BEGIN DATASET ENTRIES

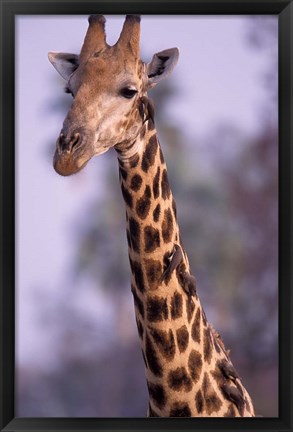 Framed Southern Giraffe, South Africa Print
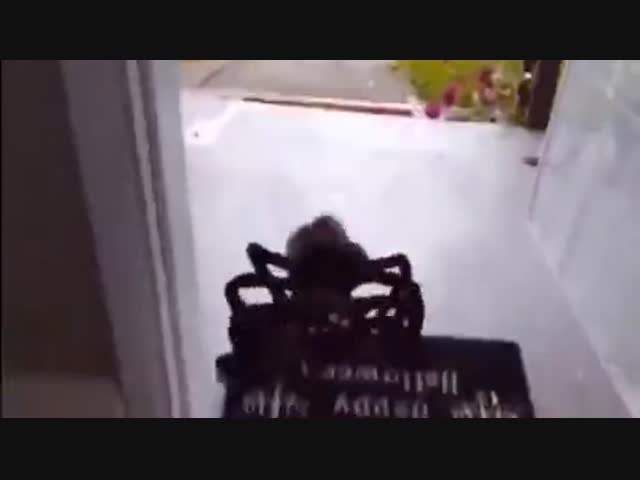 Собачка, закамуфлированная под паука, вызвала дикий страх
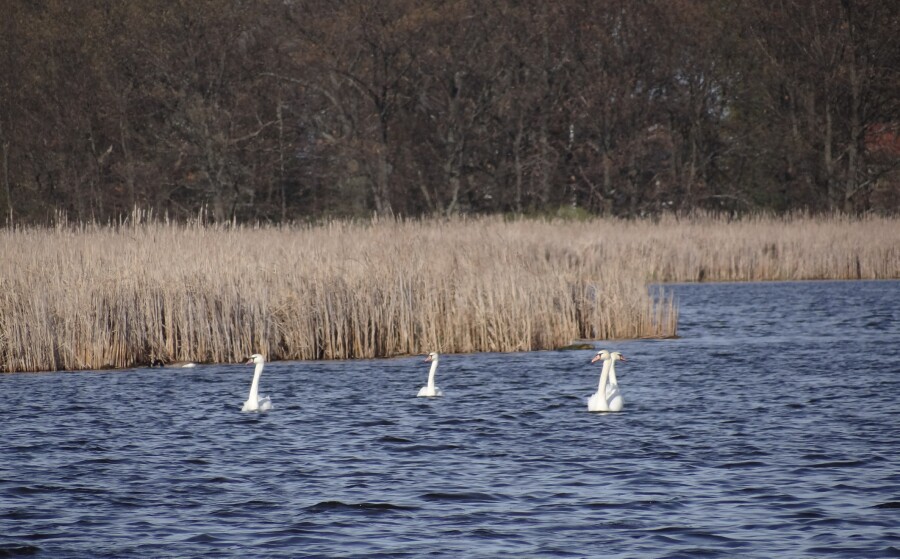 Tobico Swans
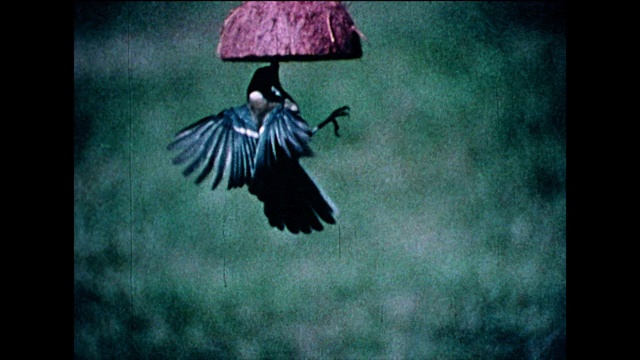大山雀争论椰子喂鸟;1978视频素材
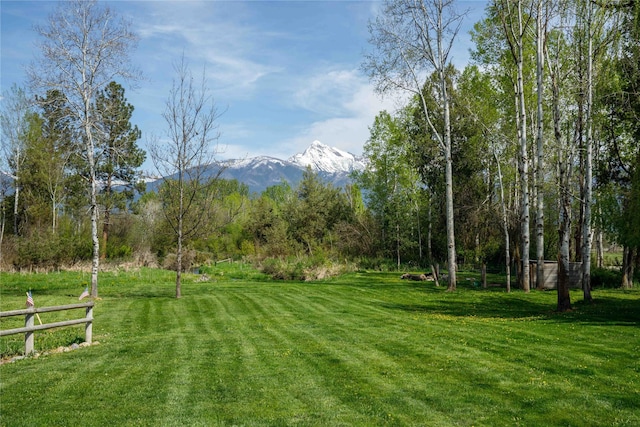 35966 Dublin Gulch Rd, Saint Ignatius, MT 59865 - view of yard with a mountain view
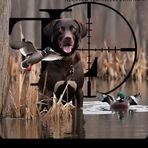 Hayden Cook - Facebook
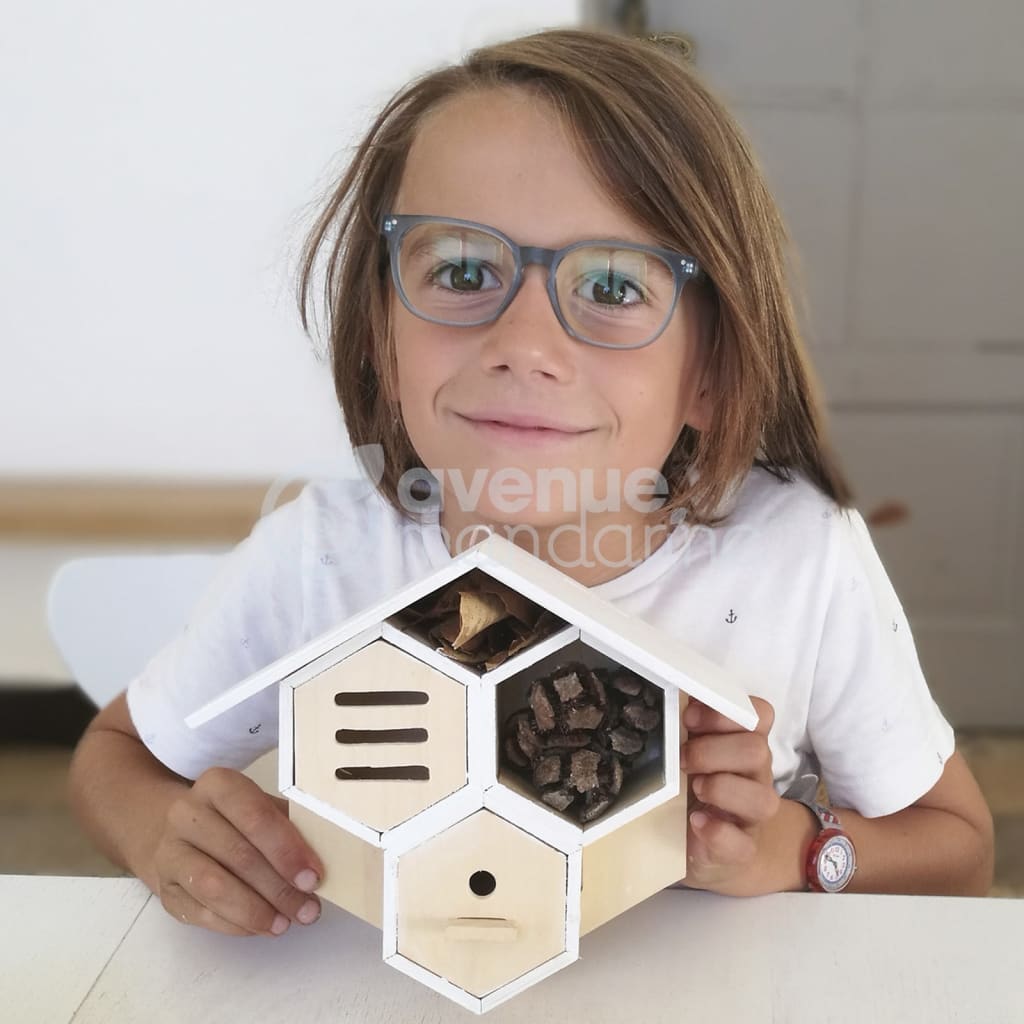 Avenue Mandarin Avenue Mandarin Craft Box Bug House à construire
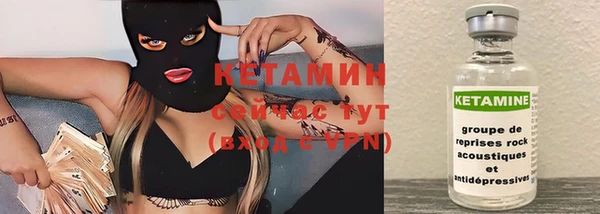 индика Верхний Тагил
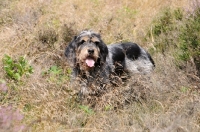 Picture of Griffon Bleu de Gascogne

END DATASET ENTRIES

WHAT TO PRODUCE> Once the pictures are removed, repeat all of the data above exactly.

SOLVED EXERCISE>
 Framed Southern Giraffe, South Africa Print
 Собачка, закамуфлированная под паука, вызвала дикий страх
 Tobico Swans
大山雀争论椰子喂鸟;1978视频素材
 35966 Dublin Gulch Rd, Saint Ignatius, MT 59865 - view of yard with a mountain view
 Hayden Cook - Facebook
 Avenue Mandarin Avenue Mandarin Craft Box Bug House à construire
 индика Верхний Тагил
 Picture of Griffon Bleu de Gascogne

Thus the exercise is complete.